Auditor’s Responsibility

Our responsibility is to express an opinion on these standalone Ind AS financial statements based on our audit.

We have taken into account the provisions of the Act, the accounting and auditing standards and matters which are required to be included in the audit report under the provisions of the Act and the Rules made thereunder.

We conducted our audit in accordance with the Standards on Auditing specified under Section 143(10) of the Act. Those Standards require that we comply with ethical requirements and plan and perform the audit to obtain reasonable assurance about whether the standalone Ind AS financial statements are free from material misstatement.

An audit involves performing procedures to obtain audit evidence about the amounts and disclosures in the standalone Ind AS financial statements. The procedures selected depend on the auditor’s judgment, including the assessment of the risks of material misstatement of the standalone Ind AS financial statements, whether due to fraud or error. In making those risk assessments, the auditor considers internal financial control relevant to the Company’s preparation of the standalone Ind AS financial statements that give a true and fair view in order to design audit procedures that are appropriate in the circumstances. An audit also includes evaluating the appropriateness of accounting policies used and the reasonableness of the accounting estimates made by the Company’s Directors, as well as evaluating the overall presentation of the standalone Ind AS financial statements.

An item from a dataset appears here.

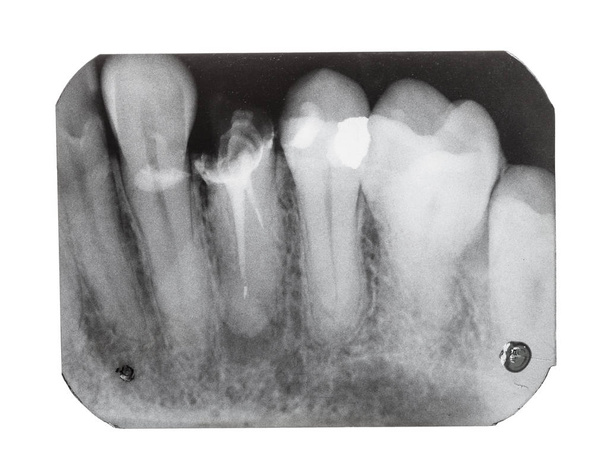 Película con imagen de rayos X de dientes con pasador dental
 - Foto, imagen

We believe that the audit evidence we have obtained is sufficient and appropriate to provide a basis for our audit opinion on the standalone financial statements.

Opinion

In our opinion and to the best of our information and according to the explanations given to us, the aforesaid standalone Ind AS financial statements give the information required by the Act in the manner so required and give a true and fair view in conformity with the accounting principles generally accepted in India, of the state of affairs of the Company as at March 31, 2018, its profits, total comprehensive income its cash flows and changes in equity for the year ended on that date.

Emphasis of Matters

Without qualifying our opinion, we draw attention to the following matters in the Notes to the standalone Ind AS financial statements:

a) Refer Note No. XII of Ind AS Financial Statements in regard to following:

- As on 31.03.2018 Seven Banks/ Financial Institutions have transferred their entire Loan Portfolio to their respective Assets Reconstruction Companies.

- During the year in pursuance of Ind AS -18 “ Revenue Recognition “ issued by ICAI, the company has not provided impact in the books of accounts on account of waiver of liability and interest on loan pending completion of one time settlement of loans of State Bank of Patiala ( now merged with State Bank of India) & State Bank of India.

- During the year in pursuance of Ind AS -18 “ Revenue Recognition” the company has booked income of Rs.4587.45 Lacs on account of One time Settlement with SIDBI,Mahindra & Mahindra Services Limited and State Bank of Hyderabad( now merged with State bank of India).

- As on 31.03.2018 Three banks have declared the accounts of the company as NPA.

b) During the last year, a fire incidence had occurred in one of the plant in Derabassi unit of the company,

However the company has assessed the loss due to fire and has booked insurance claim amounting to Rs.657.73 Lacs. Further as per the opinion of the management this incident of fire does not have any impact on the going concern of the company. (Refer Note no. XLI to Financial Statements).

c) During the year the company has received the proceeds of insurance claim recoverable lodged with “the United India Insurance company” against full and final settlement of the same , thus resulting the loss on claim amounting to Rs.116.61 Lacs. (Refer Note no. XL to Financial Statements).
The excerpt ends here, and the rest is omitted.